The access line for SINET5 will be a set of fibres and WDMs with interface modules, and include an administration for monitoring and maintenance. The differences compared to SINET4 will be as follows: the number of calls for joining the scheme may be more than one (e.g. there were two for SINET4); the contract period will be for 6 years; the line speed will include 40Gbps and 100Gbps in addition to 1Gbps and 10Gbps; and there may be a line-removal cost after the contract (although this is not likely to be included in the initial cost).
The schedule is as follows: the institutions need to decide whether they want to join by the end of March 2014; call for contractors to bid will be in April 2014; construction work will be completed during the year of 2015; and the service will be available from April 2017 coinciding with the launch of SINET5.
Yamamoto outlined further details including the points that still need to be discussed and finalised as follows. 1) The nodes (i.e. institutions that are directly connected to SINET5) will become data centres (DC) and will be located in every prefecture (the specific locations to be decided and published in the New Year). 2) They may allow lines connecting campuses of one institution to be included in the collective procurement scheme (technical and administrative aspects to be considered and the final decision to be made in the near future). 3) They may allow multiple institutions to join as a group with one institution acting as a hub (although there is no issue technically, administrative issues such as contract terms must be discussed with line providers). 4) The line will be provided by a line provider who has won the bid (this is not provided by NII). 5) Institutions must choose which type of WDM they require at the point of application (WDM is transmission equipment that allows multiple wave length on single optical fibres; however, there are some that do not transmit multiple wave lengths). 5) The specification will be standardised in order to achieve the economies of scale; however, certain specifications can be added if they will benefit other participating intuitions.

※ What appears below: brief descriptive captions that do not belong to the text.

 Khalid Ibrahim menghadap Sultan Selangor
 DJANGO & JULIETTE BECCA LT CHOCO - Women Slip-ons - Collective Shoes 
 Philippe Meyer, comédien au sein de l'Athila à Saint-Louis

To conclude, Yamamoto outlined what each institution has to do to prepare and adjust for joining the collective procurement scheme. First, institutions should consider their network usage with the projection of an 8-year time scale, as the SINET5 launches in 2 years time and lasts for 6 years. They need to estimate the change of traffic during the life span of SINET5, and apply for line speed accordingly. SINET Usage Promotion Office can provide information on the current usage of participating institutions (Contact: email@example.com). It is expected that transmissions via access lines connected to SINET will increase with the promotion of cloud computing. Therefore, each institution should estimate the bandwidth of access lines that are suitable for the planned future environment. The collective procurement scheme also includes the interface. So institutions should adjust their network equipment accordingly. If they are considering the renewal of network equipment, it is advised that they choose those that are compatible with the SINET5’s access line.